For the first month after his inauguration, Lincoln was so bothered by office seekers that he could not attend to much else. But by this time Major Anderson, who was holding Fort Sumter, was so short of food and supplies that Lincoln sent word to South Carolina that he was going to send him help. This message was given to Jefferson Davis, who called a council to decide whether the supply should be allowed to come in or not.
There were two opinions about this, even in the Confederate Cabinet, and after some one had spoken warmly in favor of taking the fort by force, the secretary of state gravely said: “The firing upon that fort will inaugurate a civil war greater than any the world has yet seen. . . . You will wantonly strike a hornet’s nest which extends from mountains to ocean, and legions now quiet will swarm out and sting us to death.”
In spite of this warning, Jefferson Davis finally decided that Sumter must be taken. He bade the Southern general, Beauregard, not to allow any supplies to pass in, and to fire upon the fort if it did not surrender.

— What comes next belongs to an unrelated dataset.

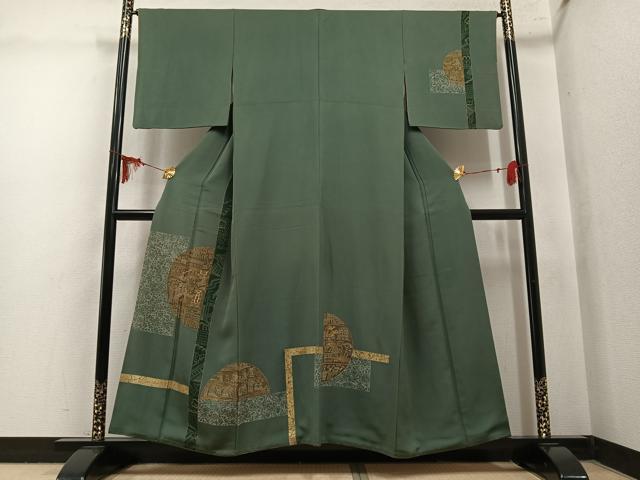 ■■■　サイズ　■■■ 身丈 152cm（肩から） 裄丈 65cm 袖丈 46cm　縫込み 6cm 袖幅 34cm 前幅 24.5cm 後幅 30.5cm 着物縫いこみ 内揚げ 9cm 裄 お袖側 約1cm　身頃側 約3cm ■■■　商品詳細　■■■ 【正絹】 状態は接写画像のように衿山に薄い汚れがございますが その他特に目立ったシミ汚れなどもなく大変良い状態です。 大変上質な逸品になります。 お安く出品致しますので、是非この機会にいかがでしょうか？ ■■■　注意事項　■■■ ■モニター発色の具合により色合いが異なる場合がございます。 ■寸法は多少の誤差が生じる場合がございますのでご了承ください。 ■縫込みの長さが左右非対称の場合は短い部分を記載しております。 左右非対称であってもご返品・お値引き等の保証は出来かねますので、ご了承の上ご購入をお願い致します。 ■シミ等のチェックには注意を払っておりますが、見落としがある場合もございますし、個人の見解も様々ですので神経質な方のご購入はお控えください。 ■箪笥に入っておりました着物や帯なので畳みシワや匂いがあるものもございます。 ■お休みは基本的に土日祝となりますが、その他臨時でお休みする場合がございますのでご了承ください。 ■商品の発送は平日のみの発送となります。 ■夜間と土曜、日曜日はお問い合わせの回答が遅れる場合がございます。 ■当店では、お直し、紋入れ、お手入れ等は承っておりません。 ■生地の状態（ヤケ、経年劣化等）によってはサイズ直しが出来ない場合がございます。 その点もどうかご了承のうえ、ご購入をお願いいたします。 ■弊社で取り扱う商品は一点ものにつき、時期や在庫状況に応じて金額が変更となる場合がございます。 ■検針は行っておりません。予めご了承いただきますようお願いいたします。 ■【洗える着物】と記載のある商品におきましては、商品お届け後に洗濯を行ってしまってからのご返品にはご対応しかねます。 念の為、専門店でのお手入れをお願いいたします。 ■写真に写っている物が全てになります。それ以外の付属品はございませんのでご了承ください。 ■状態に関する写真につきましては、掲載可能な写真枚数に限りがあるため、各箇所につき1枚参考画像を掲載しております。 ■着物のサイズ目安は下記を参考ください↓ ＜女性着物＞　お端折り次第で＋5cm　−1cmが着用可能サイズ 　例）身丈170cmの場合、身長160cm〜175cm ＜男性着物＞　身丈＋約25cm〜27cm程が適応身長 　例）身丈155cmの場合、身長180〜182cm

As Anderson firmly refused to yield to Beauregard’s summons, the bombarding of Fort Sumter began on April 12, 1861.
At the end of about thirty hours the fort was a heap of smoking ruins, and as there was neither food nor ammunition left, Anderson was forced to haul down the Union flag and surrender. But he and his men were allowed to leave with their arms and colors, and the flag they thus saved was, as we shall see, again raised over Fort Sumter four years later.
Although there were none killed on either side in this battle of “seventy men against seven thousand,” the firing on Fort Sumter acted like an electric shock upon the whole nation. Until then there had been two kinds of patriots in the North; but the fact that the flag had been fired upon put an end to all disputes, and the people rose like one man to defend it.
Lincoln, who had made no preparations for war, so as not to make the South angry and force matters, now called for seventy–five thousand men “to maintain the honor, the integrity, and the existence of the Union.” These men were called for three months only, because people then fancied that the war would be over in ninety days at the utmost.
In fact, at this sad time both parties greatly misunderstood each other. Educated people in the North felt sure the South would yield rather than see blood shed. But educated people in the South felt equally certain that for the sake of peace the North would yield, as had so often happened before. Besides, there were ignorant Northerners who fancied that Southern people were “fire eaters,” and could only talk; while the same class in the South loudly boasted that the Yankees “would back up against the north pole rather than fight,” and that “one Confederate could whip five Yankees.”